Note that the CSR-BOX allows one to split the CSRs into a daisy-chain like fashion to reduce the impact on timing when instantiating large number of CSRs. Thus, apart from the isa yaml, CSR-BOX also requires a grouping yaml file which indicates which daisy-chain unit should contain which set of CSRs.

CSR-BOX also takes in an optional debug spec yaml (as defined by riscv-config) to capture basic debug related information like where the parking loop code of the debug is placed in the memory map. Providing the debug spec, also indicates CSR-BOX to implement the necessary logic for handling custom debug interrupts like halt, resume and step. The Debug csrs must be defined in the debug spec. TODO provide example LINK

CSR-BOX also allows the user to define custom CSRs that may be required by the the implementation. C-Class uses a custom csr to control the enabling/disabling of caches and branch predictors. The details of this CSR are provided here. An example YAML containing the definition of these CSRs which can be fed into CSR-BOX is available in the sample_config directory.

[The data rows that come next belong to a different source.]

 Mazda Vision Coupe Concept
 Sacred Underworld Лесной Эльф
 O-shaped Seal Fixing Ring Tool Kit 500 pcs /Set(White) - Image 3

Other Derived Configuration Settings

Other than the CSRs, C-Class derives the following parameters from the input isa yaml

  • The ISA string indicates what extensions be enabled in Hardware and its associated collaterals
  • The max value in the supported_xlen node indicates the xlen variable in C-Class. This is used to defined the width of the integer register file, alu operations, bypass width, virtual address size, etc.
  • The flen variable in C-Class is set based on the presence of ‘F’ or ‘D’ characters in the ISA string.
  • If the ‘S’ extension is present in the ISA string, then C-Class detects the supervisor page translation mode to be implemented by detecting the max legal values of the satp.mode csr field present in the input yaml
  • The asid length to be used in the implementation is also derived by checking legal values of the satp.asid csr field.
  • The size of the physical address to be implemented is derived from the physical_addr_sz node of the isa yaml
  • The number of mhpmcounters (and therefore mhpmevents) and their behavior is also captured from the csrs defined in the input isa yaml
  • the number of pmp entries and granularity is also captured from the input isa yaml.
  • custom interrupts/exceptions and their cause values are also captured from the input isa yaml. The implementation creates an entry in the defines file with for the name and cause value. The usage of these custom causes need to be implemented separately in the bsv code.
  • The max size of the cause field in the mcause csr is also derived by checking for the max cause value being used after accounting for the custom interrupts and exceptions.

Micro-Architectural Configuration hooks

The C-Class core has also defined a custom schema to control various micro-architectural features of the core. A sample configuration file is available in the sample_config directory.

The following provides a list and description of the configuration hooks available at the micro-architectural level. Note, there are also hooks in this configuration which control the bluespec compilation commands and the verilator commands as well.

num_harts

Description: Total number of harts to be instantiated in the dummy test-soc. Note that these will non-coherent cores simply acting as masters on the fast-bus.

Examples:

num_harts: 2

isb_sizes

Description: A dictionary controlling the size of the inter-stage buffers of the pipeline. The variable isb_s0s1 controls the size of the isb between stage0 and stage1. Similarly isb_s1s2 dictates the size of the isb between stage1 and stage2 and so on. By increasing isb_s0s1 and isb_s1s2 one can shadow the stalls or latencies in the backend stages of the pipeline by fetching more instructions into the front-end stages of the pipeline.

There is a restriction however that isb_s2s3 should always be 1. This is because the outputs of register file accessed in stage2 are not buffered and niether is the bypass scheme implemented to handle this scenario.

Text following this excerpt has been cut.